▶ _Problem to solve_: The answer must reproduce exactly the lines from the one with "Bedroom features a" through the end of the material, and it must contain no pictures.

▶ _Information provided_:
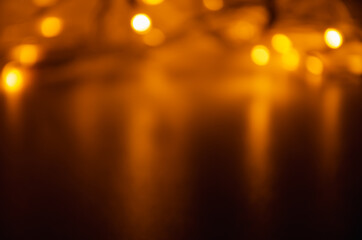 Abstract golden bokeh lights glowing on dark background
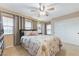 Bedroom features a ceiling fan, plush carpet, a large window and a closet with sliding doors at 733 Secret London Ave, Las Vegas, NV 89178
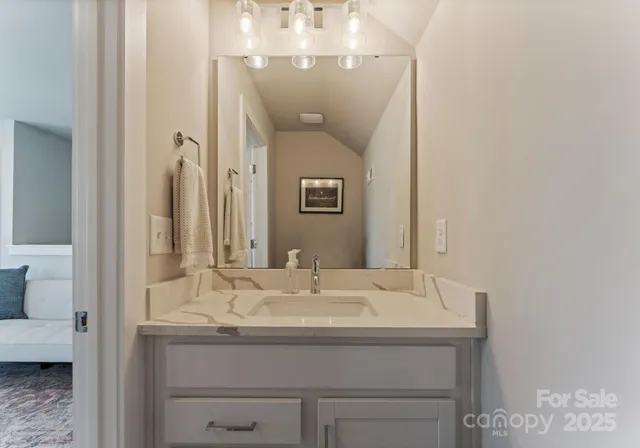 a bathroom with a granite countertop sink and a mirror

▶ _Finished task_:
 Bedroom features a ceiling fan, plush carpet, a large window and a closet with sliding doors at 733 Secret London Ave, Las Vegas, NV 89178
 a bathroom with a granite countertop sink and a mirror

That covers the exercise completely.